User Guide#

Note

New in version 0.4.1

Mars remote API provides a simple yet powerful way to run Python functions in parallel.

The main API for Mars remote is mars.remote.spawn(). It returns a Mars Object while no execution happens yet. When .execute() is called, spawned function will be submitted to Mars for execution, thus if multiple spawned functions are executed together, they may run in parallel.

>>> import mars.remote as mr
>>> def inc(x):
>>>     return x + 1
>>>
>>> result = mr.spawn(inc, args=(0,))
>>> result
Object <op=RemoteFunction, key=e0b31261d70dd9b1e00da469666d72d9>
>>> result.execute().fetch()
1

List of spawned functions can be converted to mars.remote.ExecutableTuple, and .execute() can be called to run these functions together.

>>> results = [mr.spawn(inc, args=(i,)) for i in range(10)]
>>> mr.ExecutableTuple(results).execute().fetch()
[1, 2, 3, 4, 5, 6, 7, 8, 9, 10]

Mars Objects returned by mars.remote.spawn() can be treated as arguments for other spawn functions.

>>> results = [mr.spawn(inc, args=(i,)) for i in range(10)]   # list of spawned functions
>>> def sum_all(xs):
        return sum(xs)
>>> mr.spawn(sum_all, args=(results,)).execute().fetch()
55

Mars ensures that sum_all can be called only when the previous 10 inc called are finished. Users need not to worry about the data of dependency, e.g. when sum_all is called, the argument xs has already been replaced by real outputs of the previous inc functions.

For the distributed setting, 10 inc function may be distributed to different workers. Users need not to care about how the functions are distributed, as well as how the outputs of spawned functions are moved between workers.

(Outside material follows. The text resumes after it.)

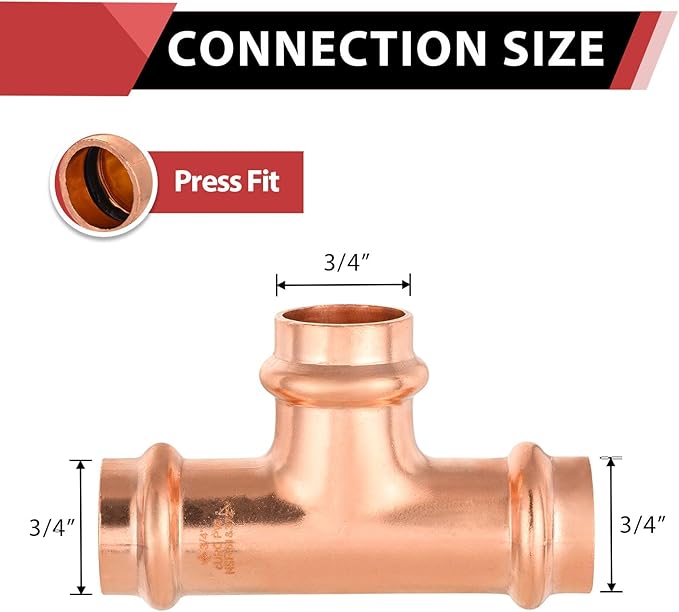 (Pack of 10) EFIELD 3/4" x 3/4" x 3/4" Copper Press Fit Tee Fitting For Copper Tube Connection, LBP Design,(PRESS016)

User can also spawn new functions inside a spawned function.

>>> def driver():
>>>     results = [mr.spawn(inc, args=(i,)) for i in range(10)]
>>>     return mr.ExecutableTuple(results).execute().fetch()
>>>
>>> mr.spawn(driver).execute().fetch()
[1, 2, 3, 4, 5, 6, 7, 8, 9, 10]

Mars tensor, DataFrame and so forth is available in spawned functions as well.

>>> import mars.tensor as mt
>>> def driver2():
>>>     t = mt.random.rand(10, 10)
>>>     return t.sum().to_numpy()
>>>
>>> mr.spawn(driver2).execute().fetch()
52.47844223908132

The argument n_output can indicate the number of outputs the spawned function will return. This is important when different outputs are passed to different functions.

>>> def triage(alist):
>>>     ret = [], []
>>>     for i in alist:
>>>         if i < 0.5:
>>>             ret[0].append(i)
>>>         else:
>>>             ret[1].append(i)
>>>     return ret
>>>
>>> def sum_all(xs):
>>>     return sum(xs)
>>>
>>> l = [0.4, 0.7, 0.2, 0.8]
>>> la, lb = mr.spawn(triage, args=(l,), n_output=2)
>>>
>>> sa = mr.spawn(sum_all, args=(la,))
>>> sb = mr.spawn(sum_all, args=(lb,))
>>> mr.ExecutableTuple([sa, sb]).execute().fetch()
>>> [0.6000000000000001, 1.5]